From: Kashyap Desai <kashyap.desai@broadcom.com>
To: linux-block@vger.kernel.org, Jens Axboe <axboe@kernel.dk>,
Ming Lei <ming.lei@redhat.com>, Omar Sandoval <osandov@fb.com>,
Christoph Hellwig <hch@lst.de>, Hannes Reinecke <hare@suse.de>,
linux-scsi <linux-scsi@vger.kernel.org>
Subject: [RFC] bypass scheduler for no sched is set
Date: Wed, 4 Jul 2018 13:29:50 +0530 [thread overview]
Message-ID: <CAHsXFKHdhOE_USCASpiRd6dHzcNvo29ipeJ2LhVbEsxnyMow1A@mail.gmail.com> (raw)

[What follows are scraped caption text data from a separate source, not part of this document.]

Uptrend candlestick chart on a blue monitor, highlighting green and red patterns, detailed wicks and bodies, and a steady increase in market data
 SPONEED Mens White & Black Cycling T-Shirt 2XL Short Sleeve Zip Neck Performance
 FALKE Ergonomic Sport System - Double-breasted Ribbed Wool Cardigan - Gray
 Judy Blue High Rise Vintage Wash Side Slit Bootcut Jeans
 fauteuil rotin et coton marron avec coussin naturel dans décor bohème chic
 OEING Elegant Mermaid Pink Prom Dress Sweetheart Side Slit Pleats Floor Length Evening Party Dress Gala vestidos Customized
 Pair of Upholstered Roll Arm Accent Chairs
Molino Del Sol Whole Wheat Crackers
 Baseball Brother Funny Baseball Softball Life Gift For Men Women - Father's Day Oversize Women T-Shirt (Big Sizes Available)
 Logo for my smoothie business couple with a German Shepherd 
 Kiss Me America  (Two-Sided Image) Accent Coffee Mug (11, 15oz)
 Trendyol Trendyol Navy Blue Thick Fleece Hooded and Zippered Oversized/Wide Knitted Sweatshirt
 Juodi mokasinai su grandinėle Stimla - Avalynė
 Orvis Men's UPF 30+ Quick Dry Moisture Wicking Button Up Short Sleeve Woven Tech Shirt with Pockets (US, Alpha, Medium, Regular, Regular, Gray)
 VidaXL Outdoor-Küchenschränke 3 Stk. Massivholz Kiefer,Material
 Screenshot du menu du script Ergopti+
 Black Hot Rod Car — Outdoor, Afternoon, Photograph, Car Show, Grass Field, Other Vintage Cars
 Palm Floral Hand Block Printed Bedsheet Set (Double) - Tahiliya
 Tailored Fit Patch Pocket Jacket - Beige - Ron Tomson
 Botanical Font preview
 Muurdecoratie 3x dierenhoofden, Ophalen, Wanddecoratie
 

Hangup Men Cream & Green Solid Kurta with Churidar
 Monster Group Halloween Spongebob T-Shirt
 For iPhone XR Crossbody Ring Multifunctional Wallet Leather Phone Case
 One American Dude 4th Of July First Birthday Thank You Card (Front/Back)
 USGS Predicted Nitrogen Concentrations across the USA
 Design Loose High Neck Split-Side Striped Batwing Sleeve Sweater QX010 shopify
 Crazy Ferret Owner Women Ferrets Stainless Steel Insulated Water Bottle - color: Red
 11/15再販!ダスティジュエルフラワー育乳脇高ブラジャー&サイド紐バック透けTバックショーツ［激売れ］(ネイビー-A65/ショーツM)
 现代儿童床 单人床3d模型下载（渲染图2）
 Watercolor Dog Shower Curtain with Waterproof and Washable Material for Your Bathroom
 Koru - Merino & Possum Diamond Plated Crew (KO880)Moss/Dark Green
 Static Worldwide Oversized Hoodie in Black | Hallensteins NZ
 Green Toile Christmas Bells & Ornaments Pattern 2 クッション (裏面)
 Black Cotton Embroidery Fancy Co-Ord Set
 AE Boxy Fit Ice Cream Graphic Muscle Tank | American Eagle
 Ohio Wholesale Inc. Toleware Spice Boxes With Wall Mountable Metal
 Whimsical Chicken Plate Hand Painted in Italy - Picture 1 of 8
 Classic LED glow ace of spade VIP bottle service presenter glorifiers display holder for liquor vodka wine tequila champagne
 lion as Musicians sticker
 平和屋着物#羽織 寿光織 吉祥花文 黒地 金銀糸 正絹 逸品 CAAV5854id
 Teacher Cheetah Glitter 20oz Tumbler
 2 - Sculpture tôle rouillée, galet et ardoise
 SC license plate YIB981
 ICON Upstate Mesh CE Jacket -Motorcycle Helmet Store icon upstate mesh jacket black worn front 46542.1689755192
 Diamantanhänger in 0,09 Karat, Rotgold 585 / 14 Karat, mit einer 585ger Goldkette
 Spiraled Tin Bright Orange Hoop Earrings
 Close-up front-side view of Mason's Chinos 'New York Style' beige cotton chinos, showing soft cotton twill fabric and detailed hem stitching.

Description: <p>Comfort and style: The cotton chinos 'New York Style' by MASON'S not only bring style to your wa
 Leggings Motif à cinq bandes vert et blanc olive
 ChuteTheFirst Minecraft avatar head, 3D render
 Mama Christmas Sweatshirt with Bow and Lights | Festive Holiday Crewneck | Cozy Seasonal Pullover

[-- Attachment #1: Type: text/plain, Size: 6307 bytes --]
Hi,
Ming Lei posted below patch series and performance improved for
megaraid_sas driver. I used the same kernel base and figure out some more
possible performance improvement in block layer. This RFC improves
performance as well as CPU utilization. If this patch fits the design
aspect of the blk-mq and scsi-mq, I can convert it into PATCH and submit
the same/modified version.
https://marc.info/?l=linux-block&m=153062994403732&w=2
Description of change -
Do not insert request into software queue if BLK_MQ_F_NO_SCHED is set.
Submit request from blk_mq_make_request to low level driver directly as
depicted through below function call.
blk_mq_try_issue_directly
__blk_mq_try_issue_directly
scsi_queue_rq
Low level driver attached to scsi.mq can set BLK_MQ_F_NO_SCHED, If they do
not want benefit from io scheduler (e.a in case of SSDs connected to IT/MR
controller). In case of HDD drives connected to HBA, driver can avoid
setting BLK_MQ_F_NO_SCHED so that default elevator is set to mq-deadline.
Setup and performance number detail listed below -
I have created one R0 VD consist of 8 SSD on MegarRaid adapter.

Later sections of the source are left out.